Otro libro hablado apareció en 2002: Arreola y su mundo. Publicado por la editorial Alfaguara, en coedición con el Consejo Nacional para la Cultura y las Artes y el Instituto Nacional de Bellas Artes, esta obra agrupa algunas de las conversaciones y monólogos que el autor de Confabulario realizó en 1990 como parte de un programa transmitido por Cablevisión y que llegó a 119 emisiones. Claudia Gómez Haro, ex alumna del escritor y conductora del programa, hizo la transcripción a partir de más de doscientas horas de grabación durante las cuales Arreola habló de diversos aspectos de su mundo: sus pasiones, sus escritores favoritos, sus amistades, sus aficiones, sus desencantos, sus ideas de la vida, “en una mezcla de biografía y frenesí”. Como premisa de esta laboriosa tarea de selección y redacción, la editora se propuso mantener “no sólo la riqueza y la precisión del lenguaje de Arreola, sino también el tono y la forma de charla de aquellas entrevistas” (Gómez, 2002, p. 24).
En el prólogo, René Avilés Fabila menciona que ha sido necesario rescatar la palabra del autor jalisciense…

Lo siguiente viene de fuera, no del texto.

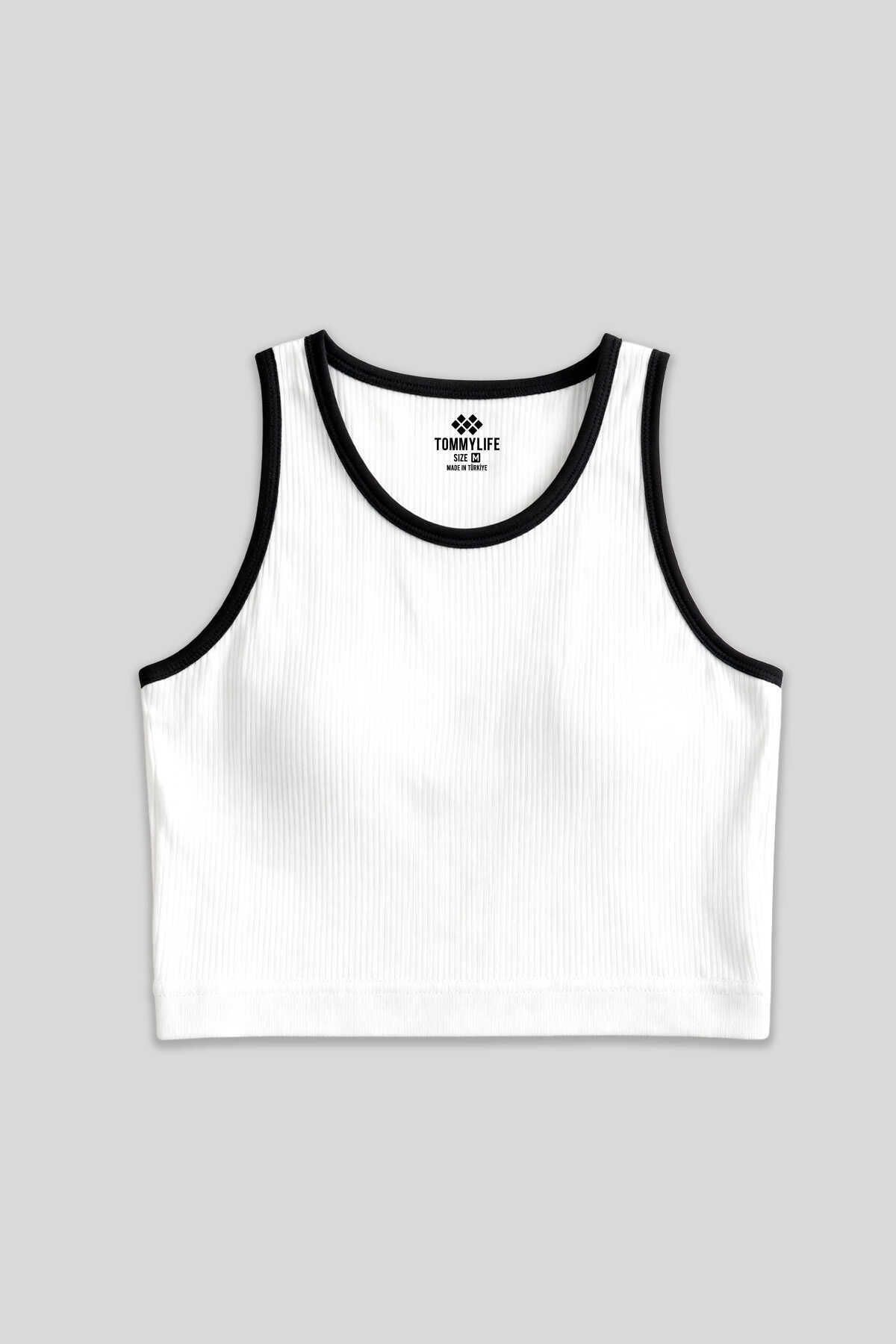 Maiou scurt pentru femei, alb, fără mâneci, croială slim fit, cu decolteu în U, Tommylife Wholesale - 97162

… pues existe un Arreola oral… . Dicho de otra forma, asistimos al asombroso descubrimiento de que Arreola es todo escritura, su vida, sus actos, sus prodigiosos textos y en consecuencia sus palabras … . El libro de Claudia Gómez Haro es, de muchas formas, una biografía; mejor dicho es el propio Juan José contándonos su vida, sus gustos, sus malestares, los autores que amó, sus secretos literarios”. (Avilés, 2002, p. 17)26
Debe aclararse que los programas no se regían por un guion preestablecido: era la encrespada palabra del maestro que, en vuelos de improvisación, relacionaba una idea con otra a través de un diálogo con su interlocutora en el estudio y, por medio de ocasionales llamadas telefónicas, con los telespectadores. Confiesa Gómez Haro en la introducción: “Conversar con Arreola fue una aventura; algo le venía a la cabeza de pronto y se precipitaba en una cascada de recuerdos imprevistos, alejándose de un tema marcado previamente y sin embargo, unas cuantas palabras, a veces sólo un gesto daba muestra de que no divagaba, de que aquello sí tenía que ver con el punto de arranque, que la aparente dispersión se apoyaba en una unidad mayor y más profunda” (Gómez, 2002, p. 22). No es difícil inferir que esta unidad mayor, en armonía con su vida y obra piloteada por el ejercicio permanente del verbo, estaba constituida por su visión de la realidad fundada en el diálogo, fundada en la confesión de sus vivencias personales pero también en su irrefrenable comunicación con los otros -contemporáneos y antepasados-: su mundo fue un universo de relaciones que unían lo particular de su ser con lo general de la naturaleza humana, y en medio, como un instrumento de conocimiento y gozo, como un puente antiguo y renovado cada día: el lenguaje.
Conclusión
Ya hemos constatado el hecho de que Juan José Arreola destinó más tiempo de su vida al discurso hablado -cursos, talleres, conferencias, charlas, entrevistas- que a la escritura de libros. La poética de su vida, y de su obra -es decir: de su palabra-, se sustentaba en una conciencia dialógica que lo mantenía en comunicación permanente con la historia de la humanidad. Confiaba en que los seres humanos expresan su ser mediante el lenguaje. Y como Mallarmé, creía que es el lenguaje, y no el autor, el que habla en una obra. De este modo, para Arreola el afán de originalidad -y de autoría, en la acepción de su época, estrechamente vinculada con la firma y la producción editorial- no tenía mucho sentido.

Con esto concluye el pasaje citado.